From the listing below, copy only the lines from the line that contains "Villeroy und Boch" to the line that contains "free download arkansas", counting those two lines as part of the copy.

- THE DATA:
↓

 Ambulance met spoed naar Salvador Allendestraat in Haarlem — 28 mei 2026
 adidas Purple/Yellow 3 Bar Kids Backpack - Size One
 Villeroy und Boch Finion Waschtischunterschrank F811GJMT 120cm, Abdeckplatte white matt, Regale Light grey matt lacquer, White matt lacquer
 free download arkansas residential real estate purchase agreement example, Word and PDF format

↑
↓

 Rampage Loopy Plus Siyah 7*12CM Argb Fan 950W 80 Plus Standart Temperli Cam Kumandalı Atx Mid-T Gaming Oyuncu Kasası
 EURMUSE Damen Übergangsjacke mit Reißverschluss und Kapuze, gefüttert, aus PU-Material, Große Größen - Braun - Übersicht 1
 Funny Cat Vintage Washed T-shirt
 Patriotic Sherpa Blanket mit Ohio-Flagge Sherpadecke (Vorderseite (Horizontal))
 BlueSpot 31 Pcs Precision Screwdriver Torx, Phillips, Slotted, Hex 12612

↑
↓

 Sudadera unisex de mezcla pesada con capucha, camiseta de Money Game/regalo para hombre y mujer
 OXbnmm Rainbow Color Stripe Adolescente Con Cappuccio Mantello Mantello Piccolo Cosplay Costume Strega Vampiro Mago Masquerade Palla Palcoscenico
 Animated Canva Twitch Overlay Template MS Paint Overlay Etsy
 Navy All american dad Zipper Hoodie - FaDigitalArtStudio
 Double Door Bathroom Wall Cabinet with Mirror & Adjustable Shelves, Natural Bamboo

↑

- RESPONSE TO THIS EXERCISE:
 Villeroy und Boch Finion Waschtischunterschrank F811GJMT 120cm, Abdeckplatte white matt, Regale Light grey matt lacquer, White matt lacquer
 free download arkansas residential real estate purchase agreement example, Word and PDF format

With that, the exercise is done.